• _Try it_
From the listing below, please restate exactly the lines beginning at the one with "150 Pack Clear" and ending at the one with "60 Inch Tall", both included, and skip the pictures.

• _Material provided_
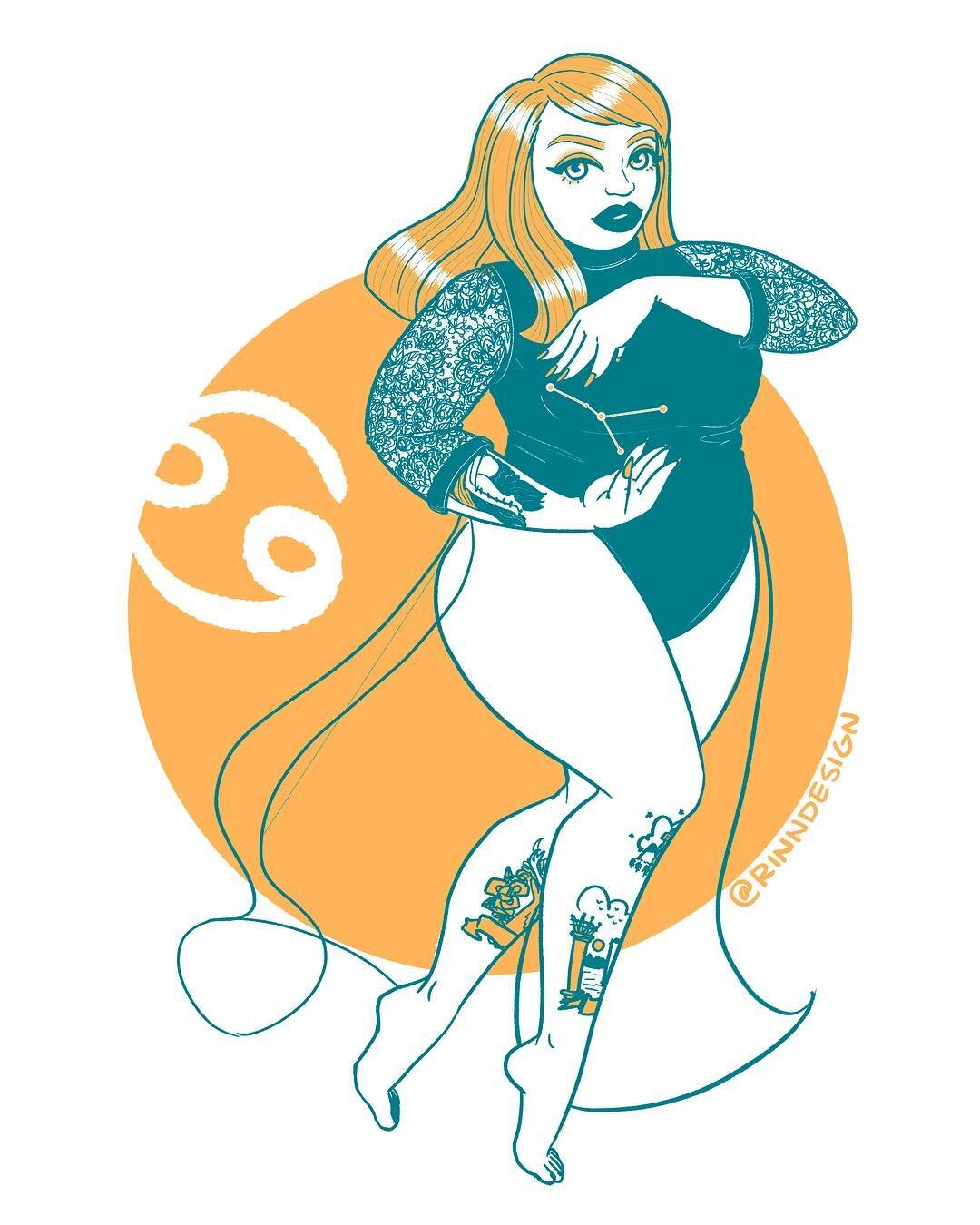 inktober | astro | cancer .
Our next water sign is Cancer, featuring the stunning @bootyqueen_ 💙
.
I wanted to bring in some cancer imagery without going &ldquo;full crab&rdquo; ... 🦀 so I posed her arms in the shape of the cancer symbol, and drew 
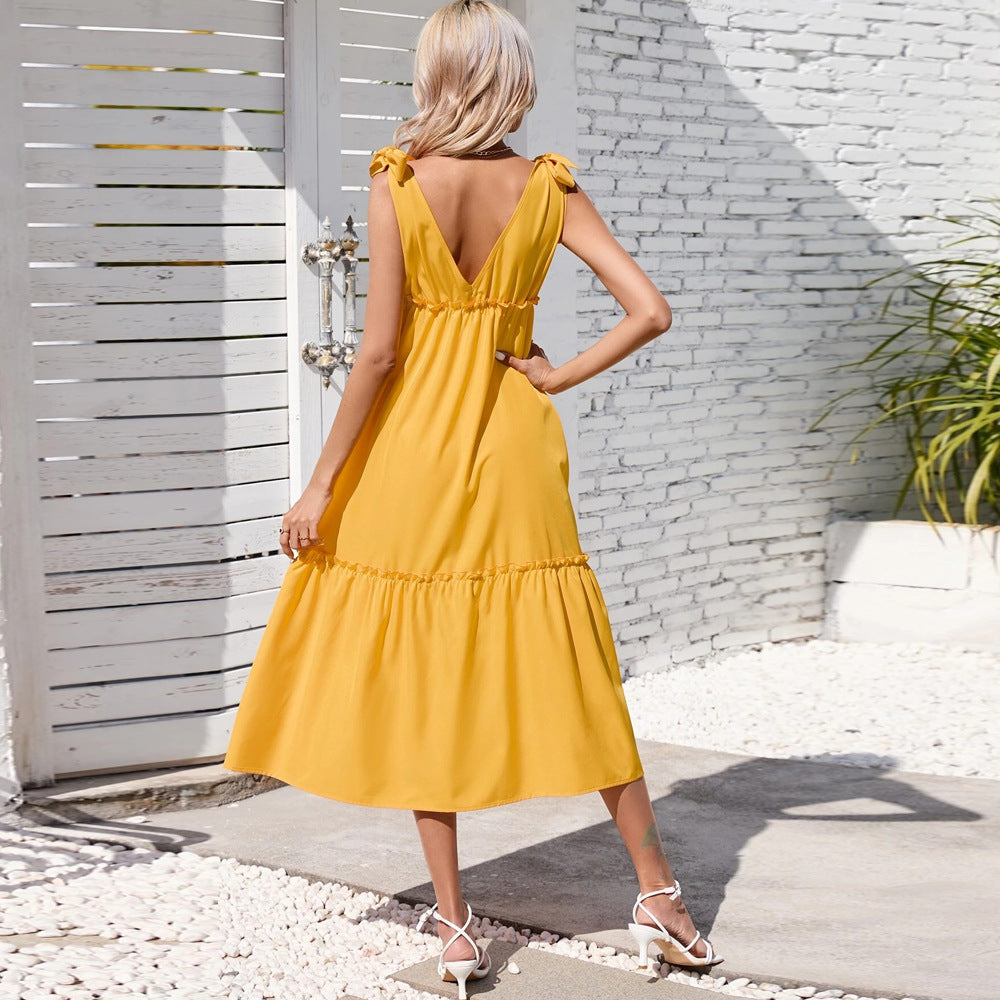 Damen Midikleid Rüschenverzierter Saum Tiefes V Norvielle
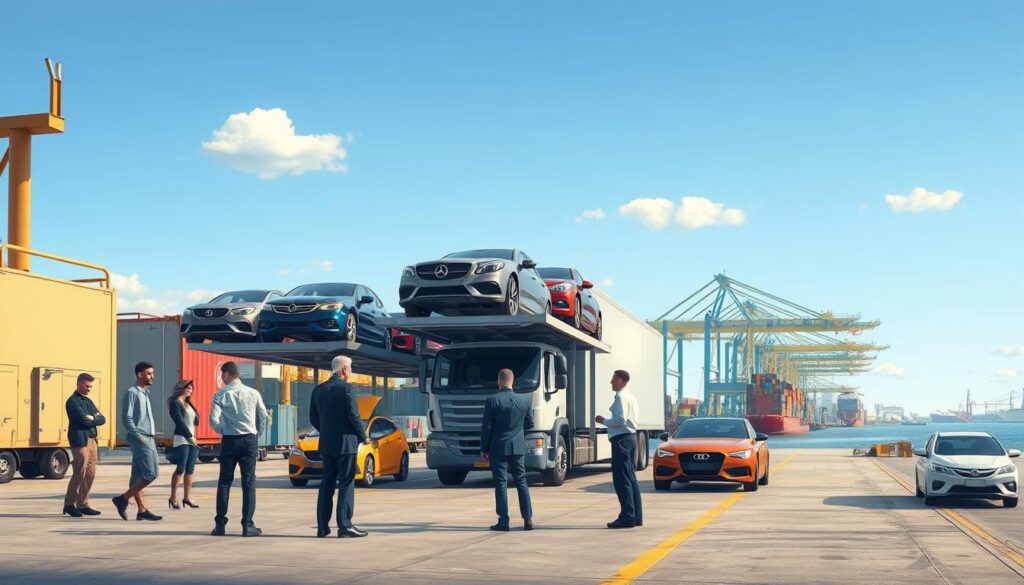 A detailed and engaging illustration of the vehicle shipping process. In the foreground, a diverse group of professionals in business attire are inspecting vehicles on a shipping dock, showcasing teamwork and organization. In the middle, a large car carrier truck is being loaded with various cars, emphasizing the logistics involved. In the background, a clear, bright sky and a bustling port facility create a sense of activity and efficiency. Natural sunlight illuminates the scene, casting soft shadows and highlighting the vibrant colors of the vehicles. A wide-angle perspective captures the scale of the operation, evoking a mood of professionalism and reliability within the auto transport industry.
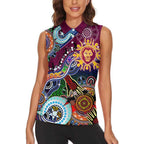 Custom NAIDOC Week 2024 Brisbane Lions Women Sleeveless Polo Shirt Australia Aboriginal Dot Painting
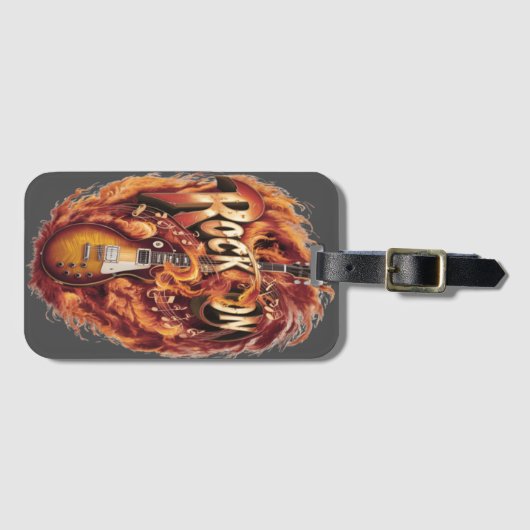 炎と音楽のノートに囲まれた明るいギター ラゲッジタグ (正面横)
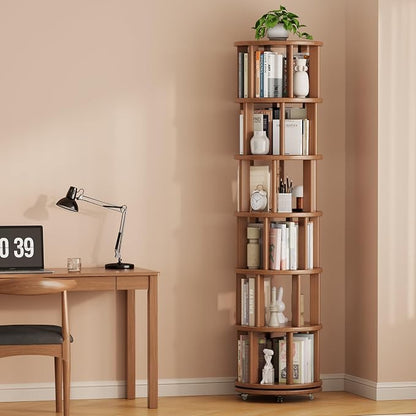 Solid Wood Rotating Bookshelf on Wheels, 6 Tier, Round Revolving Bookcase - Image 9
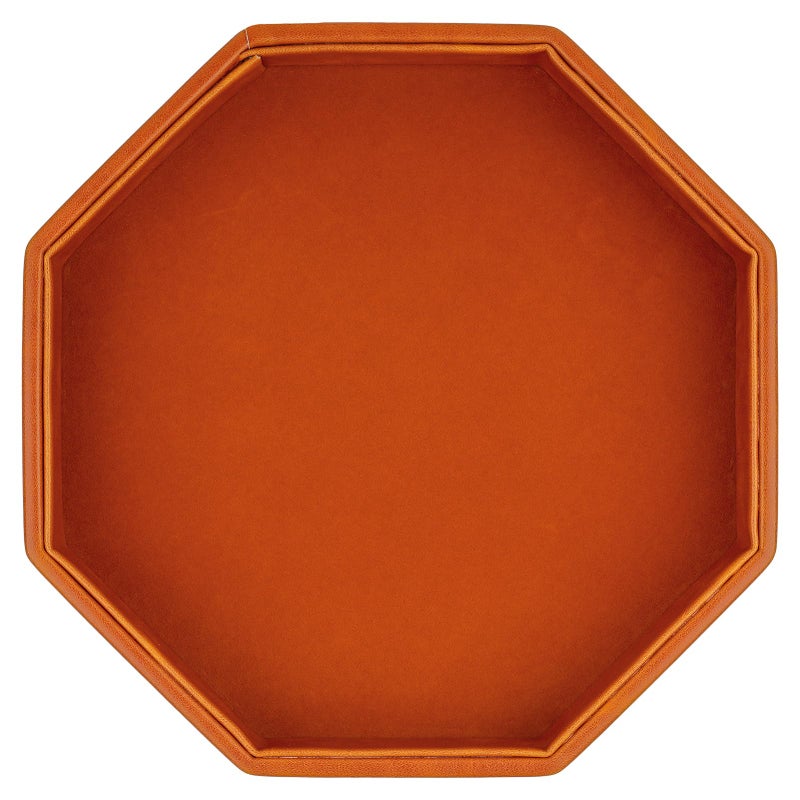 RERIVER Dice Rolling Tray, Felt Lined PU Leather Octagon Dice Tray for Dungeon Crawler Games, Brown - Image 1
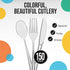 150 Pack Clear Plastic Cutlery Set, Plastic Silverware Heavy Duty, Plastic Utensil Sets, 50 Plastic Forks 50 Plastic Spoons 50 Plastic Knives Disposable Cutlery Set For Party Supplies Exquisite by Exquisite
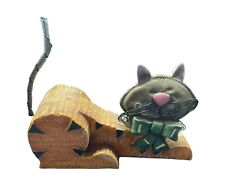 Vintage Folk Art Cat Figurine Wood & Metal 2004 picture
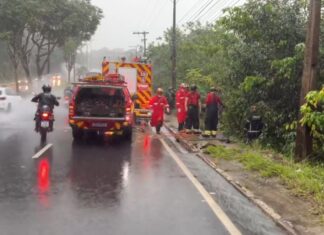 Casal fica ferido após colisão violenta na Avenida do Turismo em Manaus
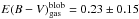 \hbox{$E(B-V)_{\rm gas}^{\rm blob} = 0.23\pm 0.15$}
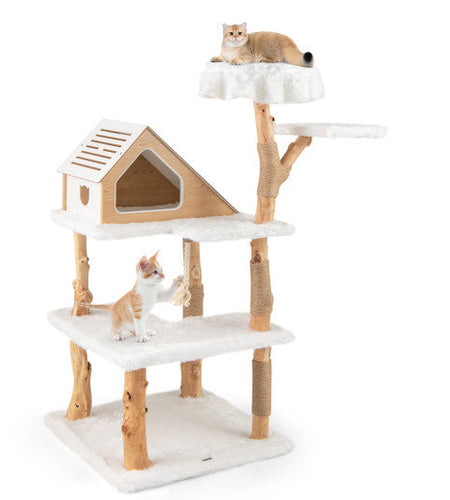 60 Inch Tall Solid Wood Cat Tree Modern Wooden Cat Tower with 2 Perches-White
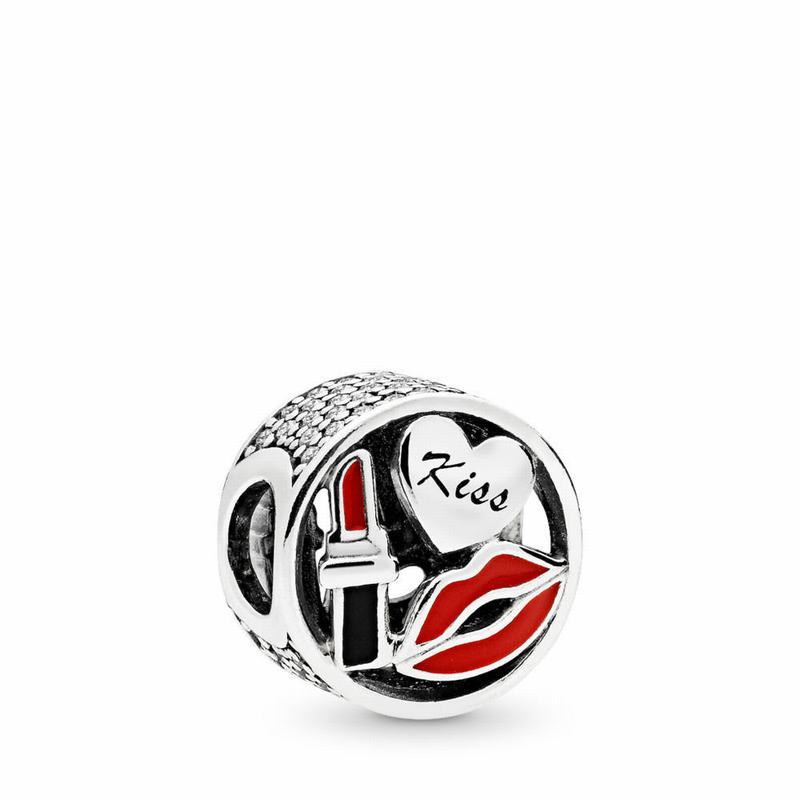 Pandora Glamour Kiss Charm Ireland - Sterling Silver/Enamel/Black/Cubic Zirconia - 193625RZK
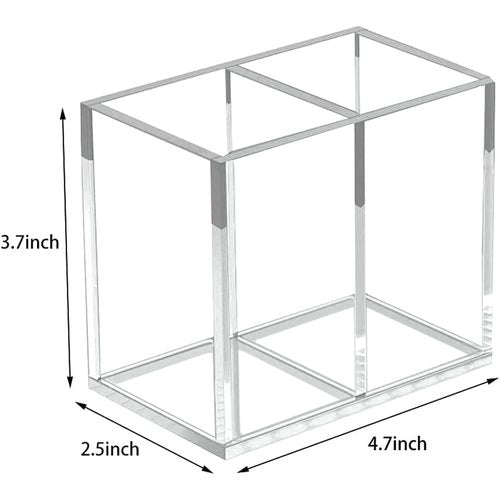 ZUDEE 2pcs Makeup Brush Holder, Acrylic Clear Organizer For Cosmetics, Pen Pencil Cup Holder For Desk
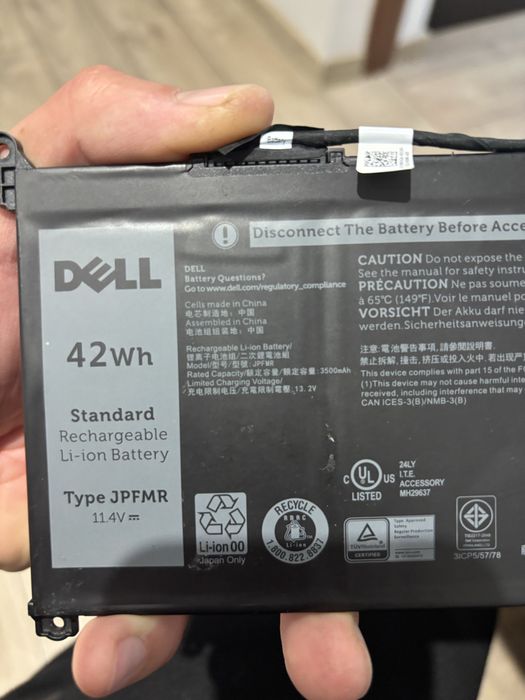 Оригінальна батарея для ноутбука Dell JPFMR 11.4V 42Wh 3500mAh 100%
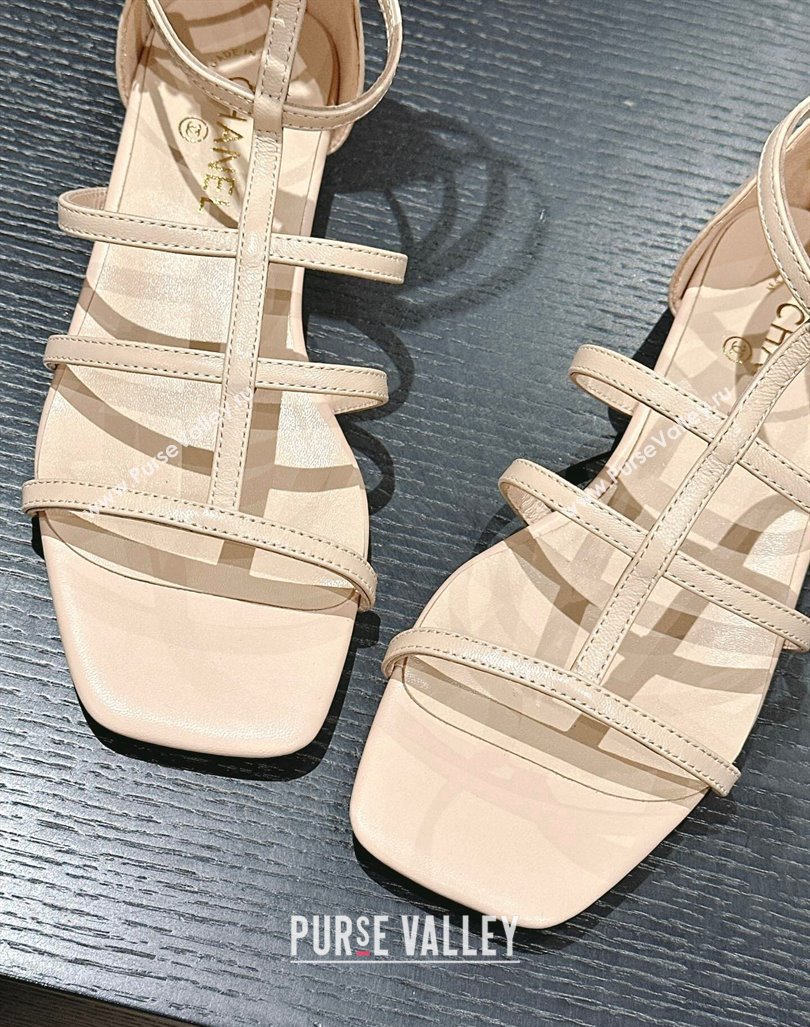 Chanel Calfskin Roman Flat Sandals Beige 2024 060302 (MD-240603126)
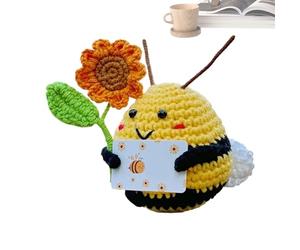 Générique Petite Abeille au Crochet - Peluche d’Abeille de Soutien Miniature, Amigurumi colorée, s au Crochet d’Abeilles d’Animaux positifs | Décoration Parfaite pour étagère de Bureau, Voiture, ma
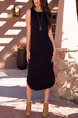 Black Plus Size Midi Dress for Casual Evening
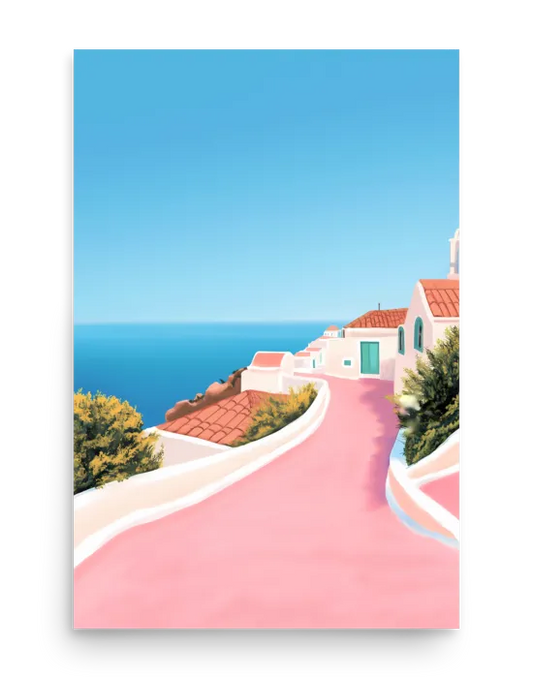 Santorini Ocean View Illustration Poster – Peaceful Print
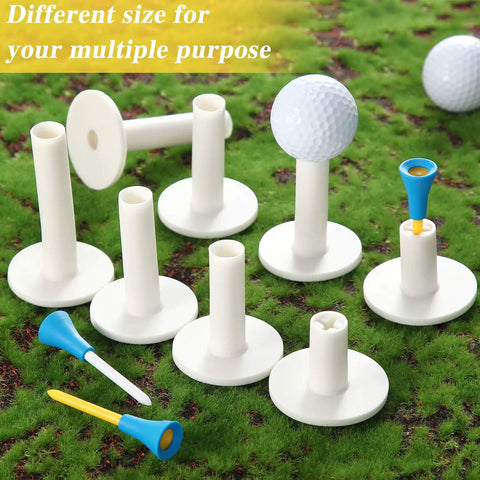 18 Piece Rubber Golf Tees And Tee Holder Kit For Indoor Outdoor Practice On Artificial Turf Mats With Mixed Sizes Includes 12 Rubber Tee Holders And 6 Plastic Tees For Driving Range Simulators on green turf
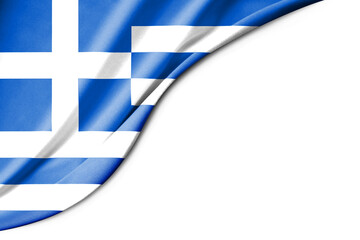 Greece flag. 3d illustration. with white background space for text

• _Answer section_
 150 Pack Clear Plastic Cutlery Set, Plastic Silverware Heavy Duty, Plastic Utensil Sets, 50 Plastic Forks 50 Plastic Spoons 50 Plastic Knives Disposable Cutlery Set For Party Supplies Exquisite by Exquisite
 Vintage Folk Art Cat Figurine Wood & Metal 2004 picture
 Casal fica ferido após colisão violenta na Avenida do Turismo em Manaus
 \hbox{$E(B-V)_{\rm gas}^{\rm blob} = 0.23\pm 0.15$}
 60 Inch Tall Solid Wood Cat Tree Modern Wooden Cat Tower with 2 Perches-White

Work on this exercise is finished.